Sunday, March 7, 2010

Cutting Walnuts

I spent part of the day yesterday cutting areas infested with Black Walnut trees. This field is bordered by mature walnuts and the squirrels take the nuts and bury them everywhere. The result is a forest of walnut sprouts.

Many of these sprouts have been cut before. Not only cut, they’ve been sprayed with glyphosate herbicide and I thought, killed. It was quite a surprise when some of the cut stumps sprouted the next spring. They not only grew back, they sent up four sprouts for every one I had cut.

Everything you see here is the result of a single year’s growth. That clump in the foreground is nearly seven feet tall. If I don’t at least cut them each year, they’ll be 20 foot tall trees in just a few years.
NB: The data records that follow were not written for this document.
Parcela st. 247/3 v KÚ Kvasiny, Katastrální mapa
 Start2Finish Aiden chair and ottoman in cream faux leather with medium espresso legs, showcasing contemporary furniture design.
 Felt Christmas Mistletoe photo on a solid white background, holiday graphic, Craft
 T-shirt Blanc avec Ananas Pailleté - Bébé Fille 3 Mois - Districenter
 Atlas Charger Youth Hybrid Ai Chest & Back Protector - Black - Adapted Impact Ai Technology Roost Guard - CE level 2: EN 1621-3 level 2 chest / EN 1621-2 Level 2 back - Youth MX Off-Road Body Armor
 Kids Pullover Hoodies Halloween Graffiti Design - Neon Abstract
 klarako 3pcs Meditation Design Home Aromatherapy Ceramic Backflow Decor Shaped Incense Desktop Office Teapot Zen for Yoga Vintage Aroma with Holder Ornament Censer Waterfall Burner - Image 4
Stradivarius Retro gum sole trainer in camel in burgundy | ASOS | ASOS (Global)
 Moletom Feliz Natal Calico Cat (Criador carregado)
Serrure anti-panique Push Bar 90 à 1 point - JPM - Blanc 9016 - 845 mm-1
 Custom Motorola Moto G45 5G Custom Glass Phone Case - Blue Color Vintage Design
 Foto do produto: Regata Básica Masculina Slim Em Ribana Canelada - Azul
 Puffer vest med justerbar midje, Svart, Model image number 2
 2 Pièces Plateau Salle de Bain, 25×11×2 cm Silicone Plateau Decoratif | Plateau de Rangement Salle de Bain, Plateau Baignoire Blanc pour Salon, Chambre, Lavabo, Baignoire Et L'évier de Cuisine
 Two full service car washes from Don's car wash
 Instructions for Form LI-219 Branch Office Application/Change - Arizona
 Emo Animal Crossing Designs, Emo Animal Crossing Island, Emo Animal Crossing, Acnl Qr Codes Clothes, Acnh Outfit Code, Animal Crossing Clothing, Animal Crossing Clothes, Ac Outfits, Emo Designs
Now they’re cut and marked. Walnuts are somewhat resistant to the herbicide I use, but that isn’t the reason I have trouble controlling them. Walnuts begin growing later than anything else in the field, so by the time I spray, the sprouts are hidden by surrounding foliage. Their growth is so rapid that there is only a small window when they are the optimum size for spraying. Weather and work often make me miss the best spraying date. The last concern is the fact that in late summer, when I should be giving the sprouts a second shot of spray, the chiggers have taken control of the walnut treatment areas. Whatever makes the walnuts grow so well here, must also spur the chiggers into reproductive excess. The thought of all those chiggers usually convinces me that my efforts are most needed elsewhere and the walnuts never get their second treatment.

The cut sprouts decompose quickly and won’t be noticeable next year. I think I’ll just have to ignore the chiggers this summer and make a determined effort the get rid of these walnuts.